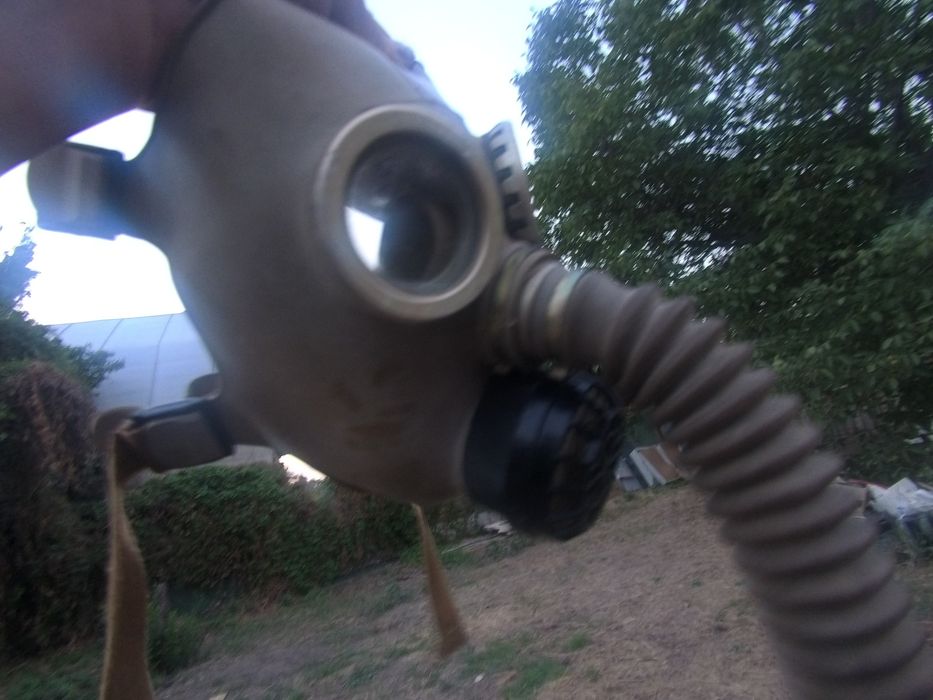 Прадаются противогазы
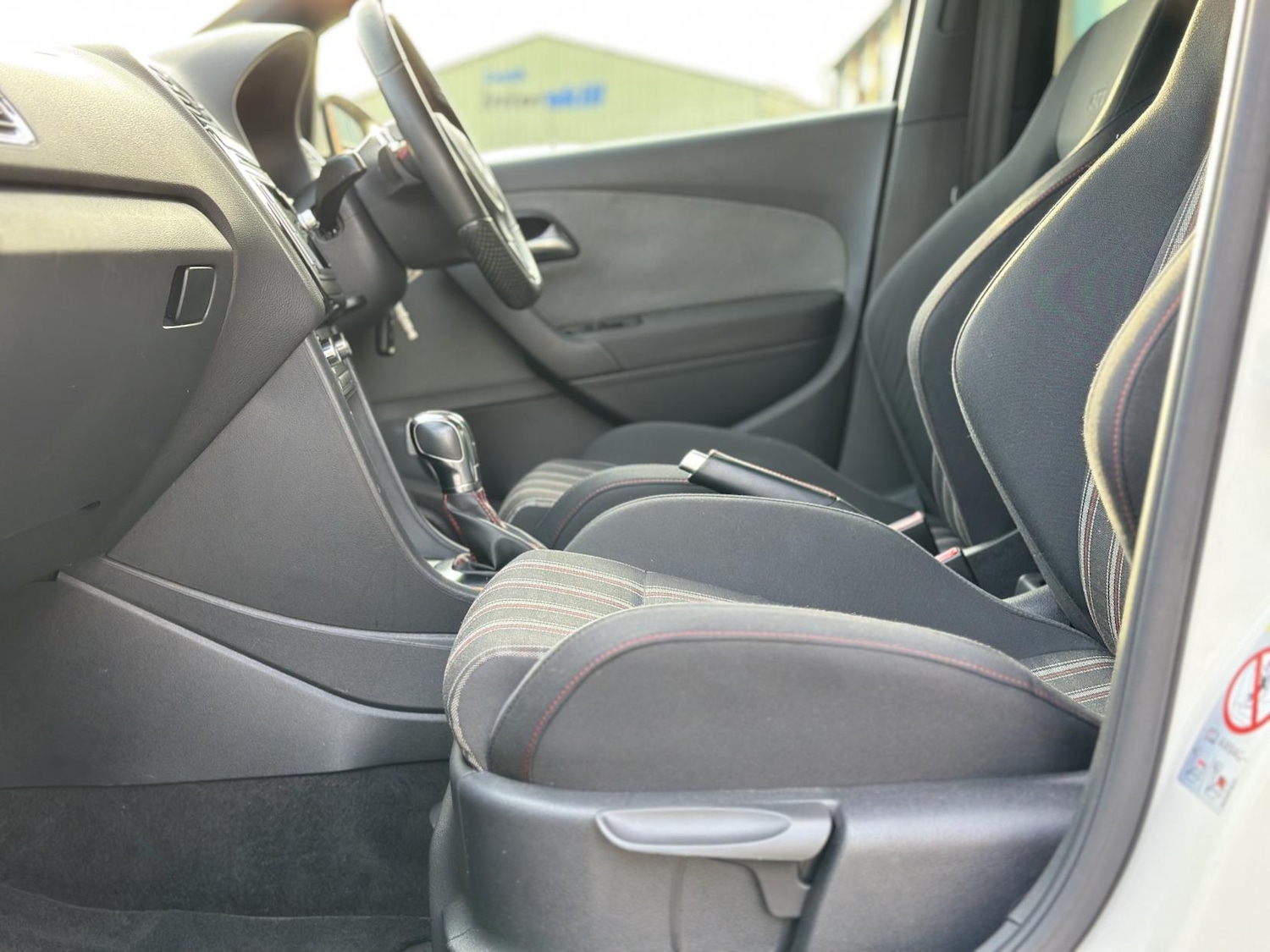 Used Volkswagen Polo 2013 for sale - 76222979: Photo 32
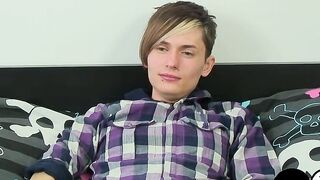 Twinks Unleashed - Hunk Twins Show Off Their Big Dick in Public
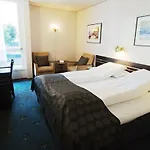 Ξενοδοχείο Havly 4*
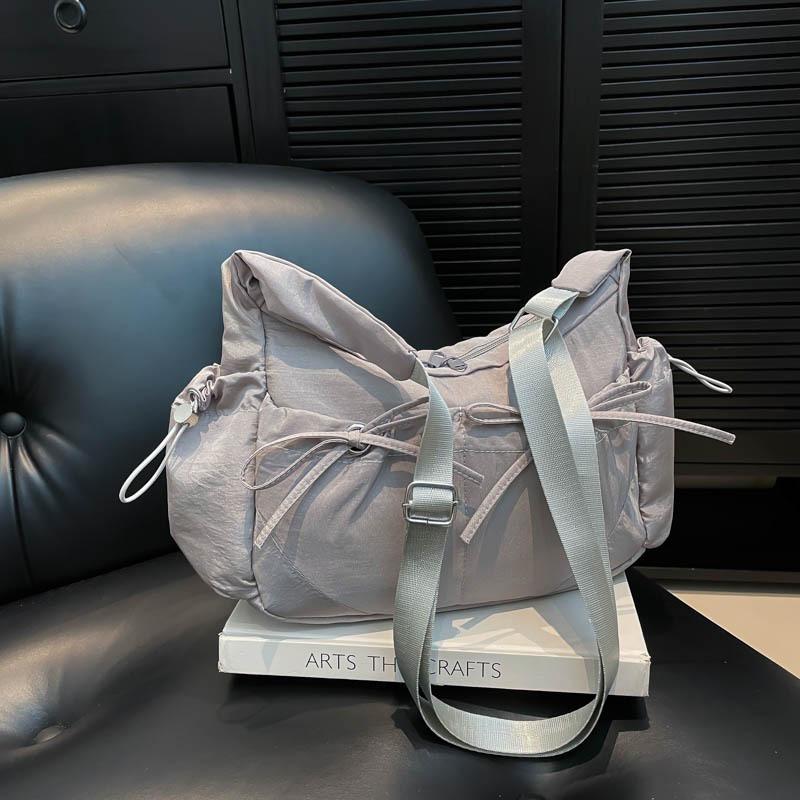 

Повседневная сумка женская весенняя новая женская сумка нейлоновая сумка уличный тренд сумка-мессенджер на плечо легкая сумка для мамы серый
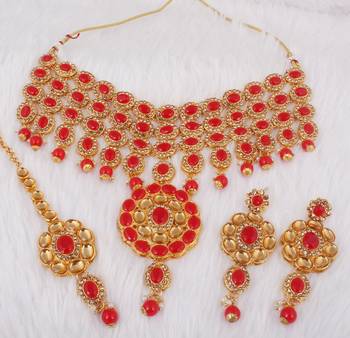 Red cubic zirconia necklace-sets 2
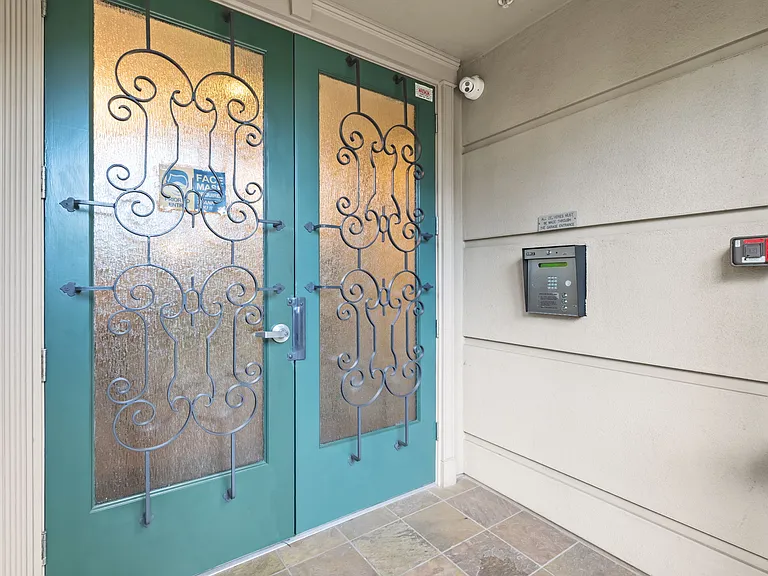 1830 Pelham Ave #301 — Photo 12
■ ■ ■ ■ ■ ■ ■
■ **Work instruction**
Copy nothing but the lines from the one containing "Ξενοδοχείο Havly 4*" through the last line of the listing above, transcribed exactly and with no pictures.

■ **Solution**
 Ξενοδοχείο Havly 4*

Повседневная сумка женская весенняя новая женская сумка нейлоновая сумка уличный тренд сумка-мессенджер на плечо легкая сумка для мамы серый
 Red cubic zirconia necklace-sets 2
 1830 Pelham Ave #301 — Photo 12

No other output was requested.